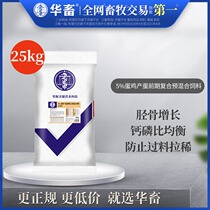 China animal 5%laying hens pre-egg production premix Chicken shell powder Soybean meal trace elements Veterinary feed additives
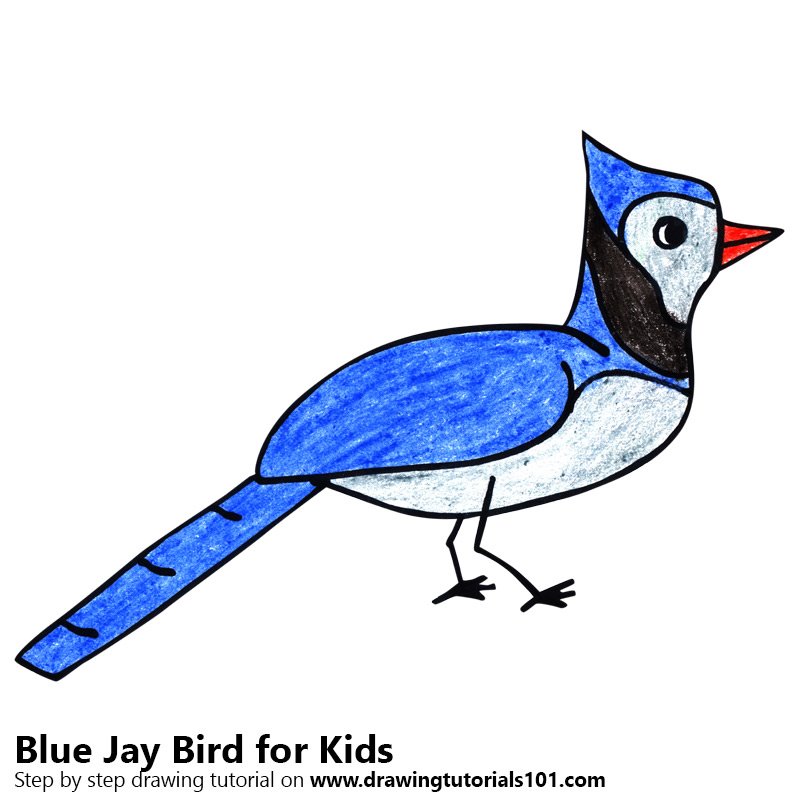 Learn How to Draw a Blue Jay Bird for Kids (Animals for Kids) Step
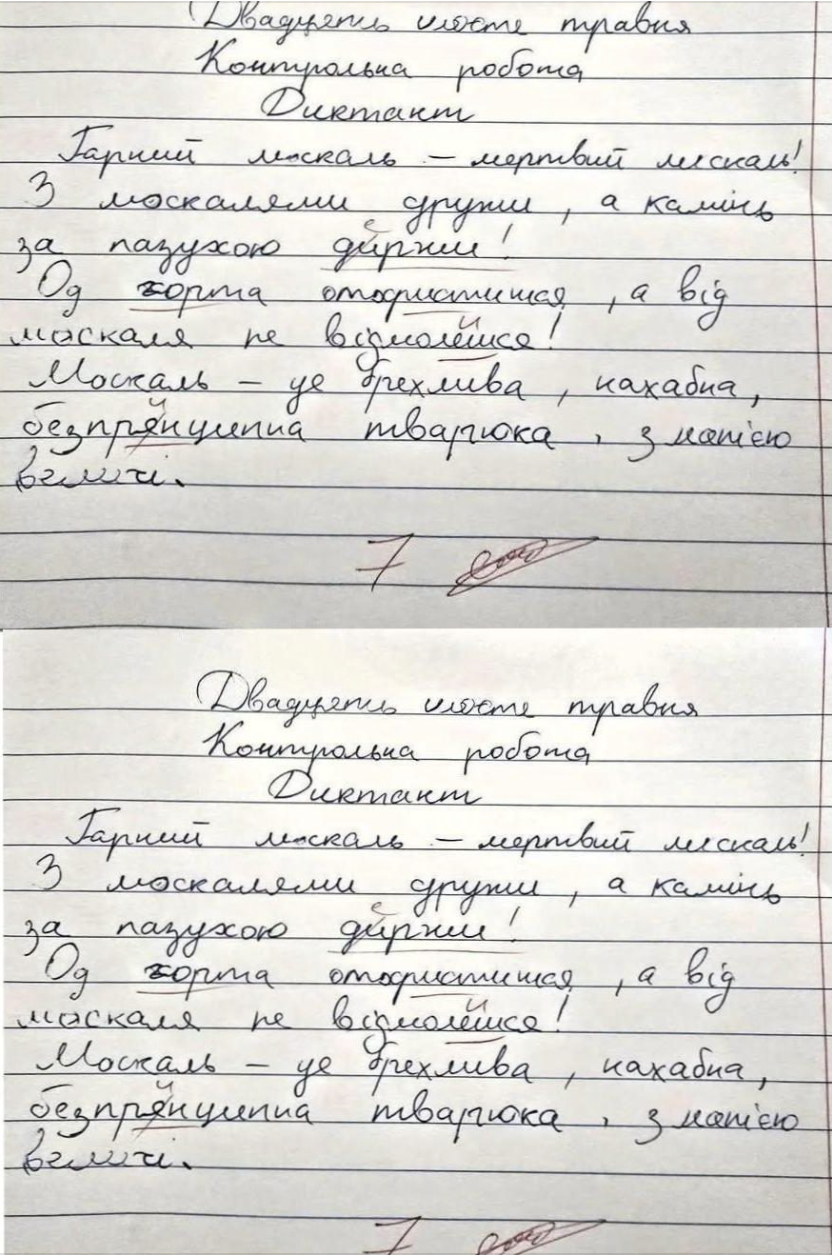 Хто такі диктанти дітям дає? Ви взагалі думаєте головою? – Коли син показав, який річну контрольну дав їм вчитель – я не повірила…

__EXERCISE PROMPT__: Reproduce the full material exactly, excluding the pictures.

__RESULT OF THE TASK__:
 China animal 5%laying hens pre-egg production premix Chicken shell powder Soybean meal trace elements Veterinary feed additives
 Learn How to Draw a Blue Jay Bird for Kids (Animals for Kids) Step
 Хто такі диктанти дітям дає? Ви взагалі думаєте головою? – Коли син показав, який річну контрольну дав їм вчитель – я не повірила…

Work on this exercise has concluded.